(EXTRACTED DATA)
==============================
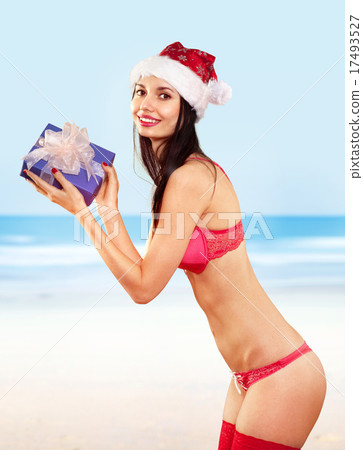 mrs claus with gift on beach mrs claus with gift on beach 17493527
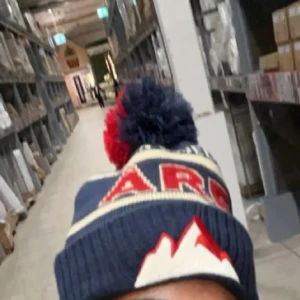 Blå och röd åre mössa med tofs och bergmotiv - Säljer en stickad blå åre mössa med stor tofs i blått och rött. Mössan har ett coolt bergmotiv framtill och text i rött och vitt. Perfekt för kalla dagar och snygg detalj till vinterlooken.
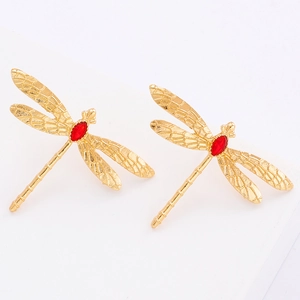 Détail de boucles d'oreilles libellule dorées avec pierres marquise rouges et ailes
==============================
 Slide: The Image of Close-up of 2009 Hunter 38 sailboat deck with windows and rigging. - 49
==============================
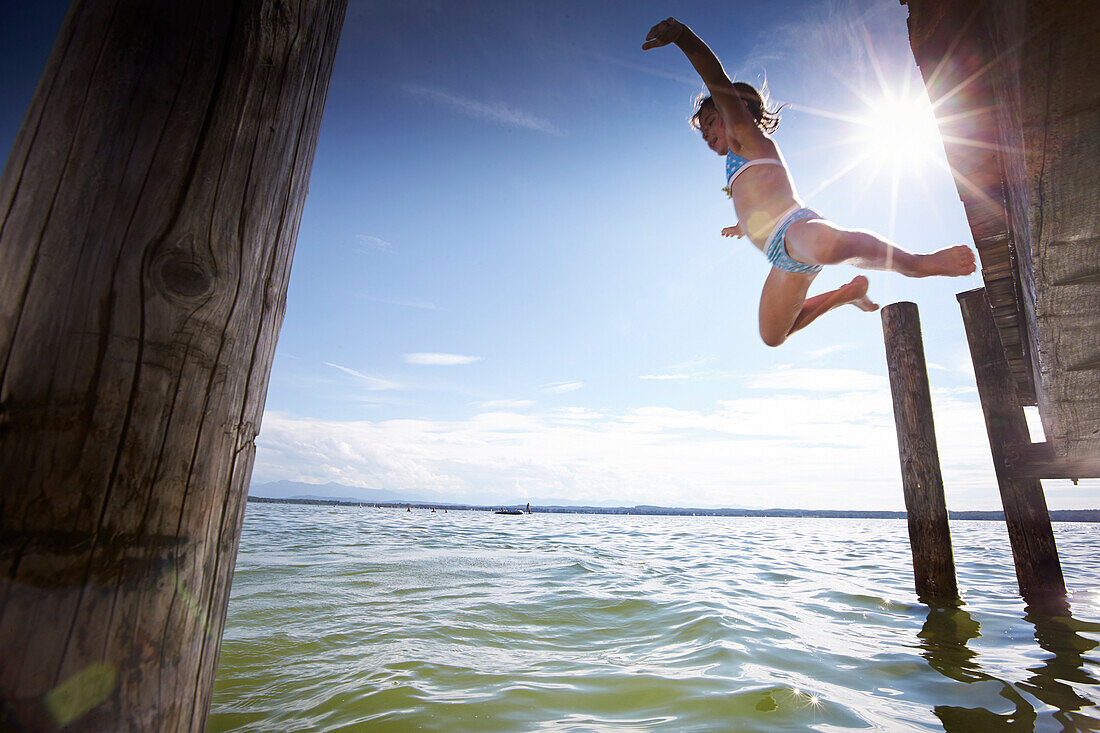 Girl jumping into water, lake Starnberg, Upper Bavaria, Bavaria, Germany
==============================
(YOUR ASSIGNMENT) Beginning with the line that contains "mrs claus with gift on beach mrs" and ending with the line that contains "Détail de boucles", reproduce the listing exactly, pictures excluded.

(SOLUTION TO THIS PROBLEM)
 mrs claus with gift on beach mrs claus with gift on beach 17493527
 Blå och röd åre mössa med tofs och bergmotiv - Säljer en stickad blå åre mössa med stor tofs i blått och rött. Mössan har ett coolt bergmotiv framtill och text i rött och vitt. Perfekt för kalla dagar och snygg detalj till vinterlooken.
 Détail de boucles d'oreilles libellule dorées avec pierres marquise rouges et ailes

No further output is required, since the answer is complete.